Then they became insistent. “But he is causing riots by his teaching wherever he goes—all over Judea, from Galilee to Jerusalem!”
“Oh, is he a Galilean?” Pilate asked. When they said that he was, Pilate sent him to Herod Antipas, because Galilee was under Herod’s jurisdiction, and Herod happened to be in Jerusalem at the time.
Herod was delighted at the opportunity to see Jesus, because he had heard about him and had been hoping for a long time to see him perform a miracle. He asked Jesus question after question, but Jesus refused to answer. Meanwhile, the leading priests and the teachers of religious law stood there shouting their accusations. Then Herod and his soldiers began mocking and ridiculing Jesus. Finally, they put a royal robe on him and sent him back to Pilate. (Herod and Pilate, who had been enemies before, became friends that day.)
Then Pilate called together the leading priests and other religious leaders, along with the people, and he announced his verdict. “You brought this man to me, accusing him of leading a revolt. I have examined him thoroughly on this point in your presence and find him innocent. Herod came to the same conclusion and sent him back to us. Nothing this man has done calls for the death penalty. So I will have him flogged, and then I will release him.”

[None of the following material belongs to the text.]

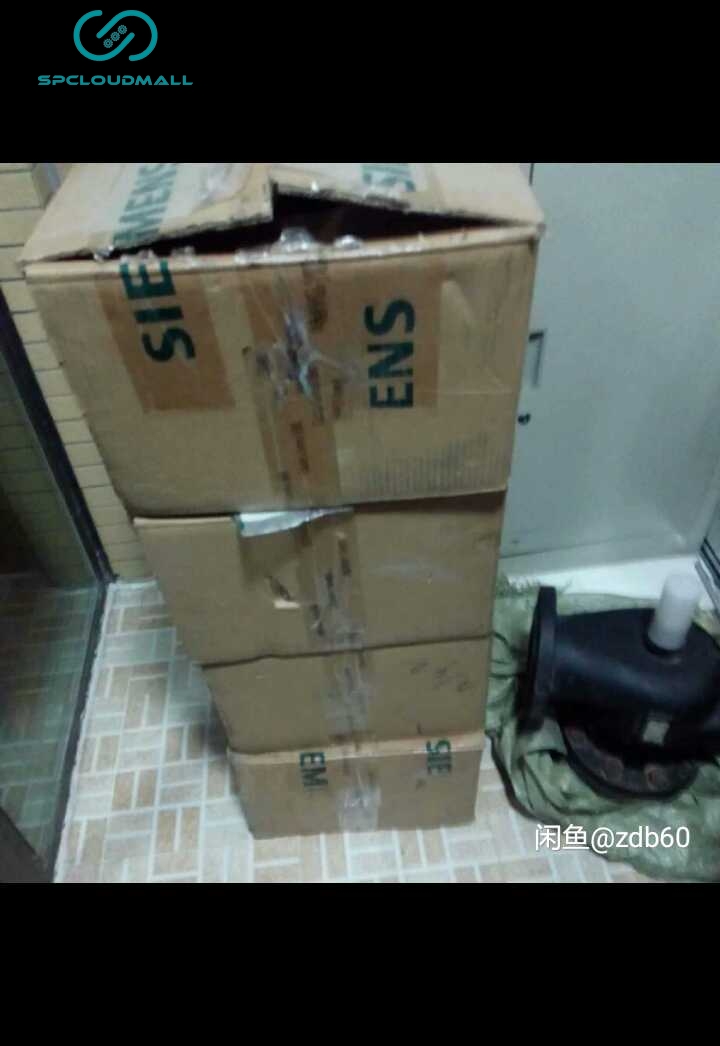 SIEMENS ELECTRIC VALVE CARRIER VVF40.50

Then a mighty roar rose from the crowd, and with one voice they shouted, “Kill him, and release Barabbas to us!” (Barabbas was in prison for taking part in an insurrection in Jerusalem against the government, and for murder.) Pilate argued with them, because he wanted to release Jesus. But they kept shouting, “Crucify him! Crucify him!”
For the third time he demanded, “Why? What crime has he committed? I have found no reason to sentence him to death. So I will have him flogged, and then I will release him.”
But the mob shouted louder and louder, demanding that Jesus be crucified, and their voices prevailed. So Pilate sentenced Jesus to die as they demanded. As they had requested, he released Barabbas, the man in prison for insurrection and murder. But he turned Jesus over to them to do as they wished.
“Father, if you are willing, please take this cup of suffering away from me.
Yet I want your will to be done, not mine.”
Then an angel from heaven appeared and strengthened him. He prayed more fervently,
and he was in such agony of spirit that his sweat fell to the ground like great drops of blood.
– Luke 22:42-44 –
It’s impossible for us to comprehend Jesus’ “agony of spirit” in the Garden of Gethsemane. Luke tells us that during this ordeal “Jesus’ sweat fell to the ground like great drops of blood.”
Our reading today does put Jesus’ agony in context, bracketing Jesus’ suffering in between “The Last Supper” and Pilate’s acquiescence to mob rule.
- Jesus celebrated the Passover meal and instituted a new covenant sacrament with people He knew would abandon Him, one of whom would betray Him.
- Jesus celebrated the Passover meal while listening to His companions argue over who would be greatest among them.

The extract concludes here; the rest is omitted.